Tim Eldridge’s job gives him a front-row seat to the problems created by the shortage of workers in the construction industry. But he’s hoping some training programs will give the Carolinas a boost when the economy improves.

Lives in: Mountain Island Lake

Age: 53

Family: wife, Judy; daughter, Amy, 33

Education: master’s in education from North Carolina Agricultural and Technical State University in Greensboro; bachelor’s degree in industrial design from Appalachian State University in Boone

Tim Eldridge took over as vice president of work force development for the Associated Builders and Contractors’ Carolinas chapter in early 2009, just as the construction industry was slipping into freefall.

Eldridge spent the majority of his career in education, teaching engineering and architectural drafting at East Gaston High School in Mount Holly for 16 years. During that time, he also built houses on the side.

After his teaching job, he worked as a trainer/recruiter at Stanley-based Blum Inc., a hardware manufacturer for the furniture industry.

He then worked for several years for the North Carolina Department of Labor in the apprenticeship and training bureau as field consultant and later with the North Carolina Department of Public Instruction as a trade and industry curriculum consultant.

“I retired to get out of state government,” he said.

But his current job is hardly a walk in the park, as the construction industry is facing an unprecedented manpower shortage.

What are your job duties as vice president of work force development?

I’m over all of the education, training and safety for our membership in the Carolinas, from high school students to large general contractors and every one in between. There are about 500 companies in the Carolinas that are ABC members, all of which have multiple divisions and branches.

How significant is the shortage of skilled workers in the construction industry? With the economy the way it is, it’s not being felt nearly as bad as it would be if the economy was going in a different direction. Companies are lean with a smaller work force. That’s why they’re able to stay in business. But when the economy turns you’re going to see a huge deficit in skilled workers, especially at the journeyman level (skilled apprentice).

How will this shortage of skilled construction workers impact the construction industry if and when the economy starts to turn around?

It could definitely impede our ability to recover. A lot of low-paying construction workers are no longer around. When the jobs disappeared, they picked up and moved to other places where they could work. People like roofers and drywall hangers that really supported residential building for many years are just not here now.

How is ABC responding to the recession’s impact on the construction?

In North Carolina, we’re working with public schools and colleges to implement NCCER (National Center for Construction Education and Research) curriculum and accreditation for construction trade classes. This way high school students will have an avenue after graduation to continue their training. We also support two ABC university chapters — at Clemson University and West Carolina — where we provide speakers and training at monthly meetings for students in construction management programs. And we have training courses at our center in Charlotte. So the Carolinas will be ahead of the game in respect to trained workers when the economy starts to turn around.

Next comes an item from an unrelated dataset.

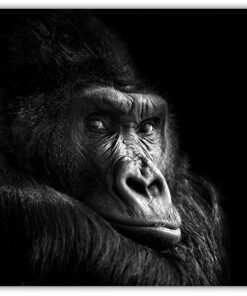 Gorillan I'm the boss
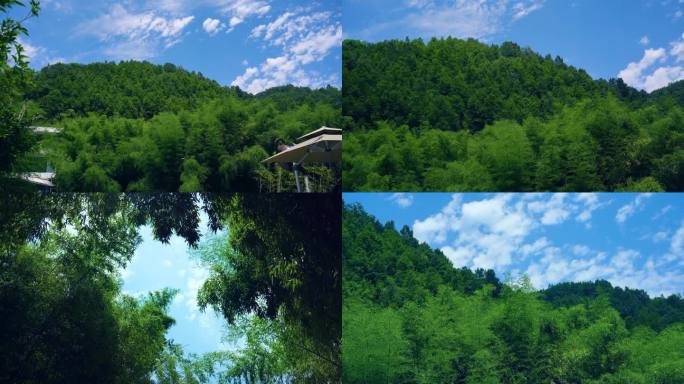 4K重渡沟唯美竹林风景 度假村 唯美天空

Will the construction industry get back to where it was before the recession?

I’ve heard many people say we’ll never get back to where we were in 2005 and 2006. I hate to think that’s the case, but that kind of recovery sure seems a long ways off right now.

If you won $20 million in the lottery, what would you do with the money?

I’ve already done a lot of traveling, and I’ve got a lot of toys, so I’m pretty well satisfied in that respect. I guess I would make sure my friends and family are taken care of. Then maybe I’d help the local construction industry and possibly fund another training facility.

If you had only six months left to live, what would you do with the time?

Stop work and try to enjoy what time I had with family and friends.